Com a redução do IMI, o município deixa de arrecadar 800 mil euros por ano. A reposição de massa salarial decidida pelo Governo e a contratação pública custará um milhão de euros em 2018. Eduardo Vítor Rodrigues prevê também um aumento de cinco milhões de euros com bens e serviços.
O programa de incentivo ao arrendamento jovem — semelhante ao Porta 65, mas que não envolve em nenhum momento o senhorio — terá um orçamento de 700 mil euros. “Gaia é um município muito jovem ainda e sentimos a pressão dos jovens que são confrontados com rendas abruptas, e a política municipal tem de dar uma resposta”, defendeu. O autarca quer atrair parte da população que não consegue pagar habitação no Porto e, para isso, sublinhou estar a olhar com calma para os projetos hoteleiros que chegam à Câmara. “Acho que temos de ter calma com o frenesim hoteleiro. À medida que o Porto se especializar no alojamento local, sobra para Gaia um rejuvenescimento e arrendamento mais barato.”
Para 2018, o socialista compromete-se com mais apoios sociais, obras em escolas e centros de saúdes e a construção do novo Centro Cultural e de Congressos, que terá capacidade para 2200 pessoas, junto à Câmara. “É um equipamento absolutamente capital para a deslocalização de eventos na área metropolitana”, explicou, sublinhando que é para estar concluído até 2021.
Redução da dívida é para continuar, mas a ritmo mais lento
Do lado da receita e da poupança, Eduardo Vítor Rodrigues, que foi reeleito com maioria absoluta e, pouco tempo depois, foi escolhido para presidir também ao Conselho Metropolitano do Porto, destacou os três milhões de euros que vão ser arrecadados com a criação de uma taxa turística de 2€ por noite, à semelhança do que o Porto se prepara para fazer. A estimativa refere-se a nove meses de receitas, já que a medida só deverá entrar em vigor em março.
A poupança nos juros também é significativa. Com a saída do PAEL “podemos poupar 600 mil euros por ano” em juros, que a autarquia está a pagar acima do valor de mercado. “Quase a bater nos 3%”, explicou. Em juros de mora, a poupança anual é de 1,5 milhões de euros. Atualmente, a autarquia paga ao fornecedores a 52 dias — a meta legal é de 90 dias.
Contas feitas, Eduardo Vítor Rodrigues admitiu ao Observador que, no próximo ano, a redução da dívida continuará, mas “com intensidade diferente“. No caso, menor. “No próximo ano esperamos ter uma redução de 20 milhões de euros no passivo. Não é porque passamos ao verde que deixamos de pressionar a redução do passivo”, garantiu.
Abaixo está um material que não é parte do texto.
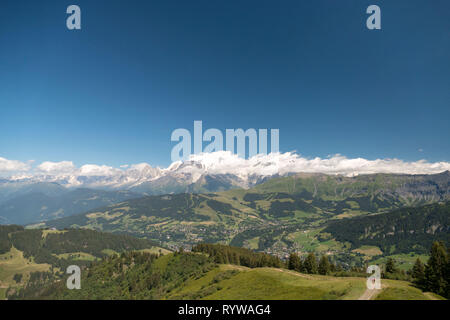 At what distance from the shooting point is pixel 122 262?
18038cm

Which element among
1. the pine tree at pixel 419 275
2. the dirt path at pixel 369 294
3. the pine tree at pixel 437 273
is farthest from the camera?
the pine tree at pixel 419 275

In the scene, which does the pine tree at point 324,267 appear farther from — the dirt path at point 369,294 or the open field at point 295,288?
the dirt path at point 369,294

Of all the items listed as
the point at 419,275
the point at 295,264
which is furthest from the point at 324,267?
the point at 419,275

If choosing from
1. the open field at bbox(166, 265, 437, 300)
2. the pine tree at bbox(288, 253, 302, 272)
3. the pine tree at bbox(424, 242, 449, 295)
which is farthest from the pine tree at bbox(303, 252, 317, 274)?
the pine tree at bbox(424, 242, 449, 295)

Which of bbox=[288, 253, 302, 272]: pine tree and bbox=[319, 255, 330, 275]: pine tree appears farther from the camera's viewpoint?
bbox=[288, 253, 302, 272]: pine tree

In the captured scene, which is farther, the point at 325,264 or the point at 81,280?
the point at 81,280

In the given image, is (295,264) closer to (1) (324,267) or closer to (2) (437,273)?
(1) (324,267)

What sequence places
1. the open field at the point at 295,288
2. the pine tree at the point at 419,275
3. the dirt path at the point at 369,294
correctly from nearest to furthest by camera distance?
the dirt path at the point at 369,294 < the open field at the point at 295,288 < the pine tree at the point at 419,275

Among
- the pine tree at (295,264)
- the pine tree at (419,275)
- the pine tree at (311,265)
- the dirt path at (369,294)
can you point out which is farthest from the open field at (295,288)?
the pine tree at (295,264)

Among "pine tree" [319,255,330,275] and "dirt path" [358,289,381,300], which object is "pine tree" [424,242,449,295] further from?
"pine tree" [319,255,330,275]

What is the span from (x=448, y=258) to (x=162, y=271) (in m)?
137

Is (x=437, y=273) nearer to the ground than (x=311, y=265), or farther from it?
farther from it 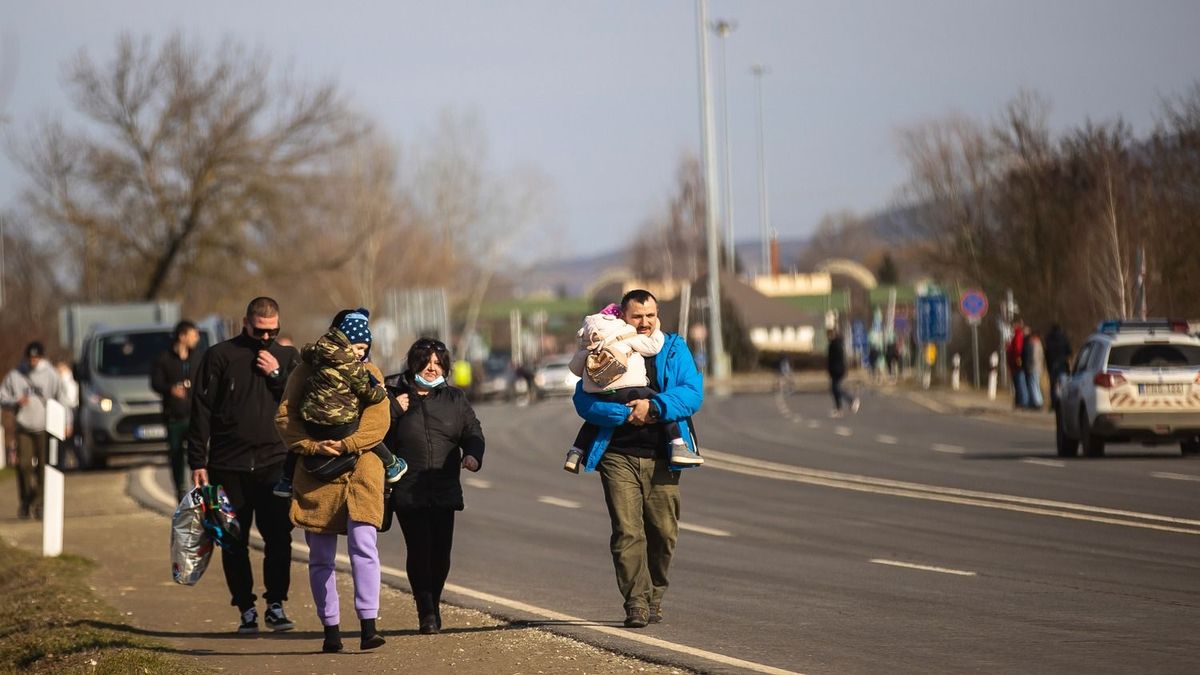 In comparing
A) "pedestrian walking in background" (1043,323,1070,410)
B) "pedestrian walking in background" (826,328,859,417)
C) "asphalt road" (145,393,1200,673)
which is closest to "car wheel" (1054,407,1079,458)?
"asphalt road" (145,393,1200,673)

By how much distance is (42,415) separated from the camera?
2019cm

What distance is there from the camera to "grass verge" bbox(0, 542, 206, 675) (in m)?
9.44

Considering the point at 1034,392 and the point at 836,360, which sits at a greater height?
the point at 836,360

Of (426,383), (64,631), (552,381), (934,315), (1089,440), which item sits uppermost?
(934,315)

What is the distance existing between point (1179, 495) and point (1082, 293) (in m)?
25.9

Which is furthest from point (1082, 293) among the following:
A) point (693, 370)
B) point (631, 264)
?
point (631, 264)

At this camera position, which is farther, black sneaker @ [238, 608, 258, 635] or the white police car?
the white police car

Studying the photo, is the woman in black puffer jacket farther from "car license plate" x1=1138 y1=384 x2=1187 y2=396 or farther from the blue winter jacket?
"car license plate" x1=1138 y1=384 x2=1187 y2=396

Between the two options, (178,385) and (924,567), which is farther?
(178,385)

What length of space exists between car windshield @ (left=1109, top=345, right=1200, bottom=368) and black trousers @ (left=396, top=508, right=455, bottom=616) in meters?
16.2

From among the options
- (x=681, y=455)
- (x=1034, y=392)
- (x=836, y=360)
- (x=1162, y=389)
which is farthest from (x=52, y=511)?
(x=1034, y=392)

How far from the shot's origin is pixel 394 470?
9578mm

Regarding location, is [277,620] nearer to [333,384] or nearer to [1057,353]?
[333,384]

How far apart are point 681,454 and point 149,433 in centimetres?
2163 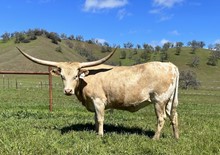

“A primeira coisa que é preciso garantir é que as receitas existentes, mesmo que não aumentem, sejam geridas com honestidade e bom senso. Porque não adianta aumentar muito as receitas e continuarmos com despesismo e numa lógica de corrupção que atordoa o país e nos atordoa a todos. E não pode haver uma lógica cíclica que agora que estamos no verde vamos outra vez investir atabalhoadamente porque depois recuperamos mais tarde.”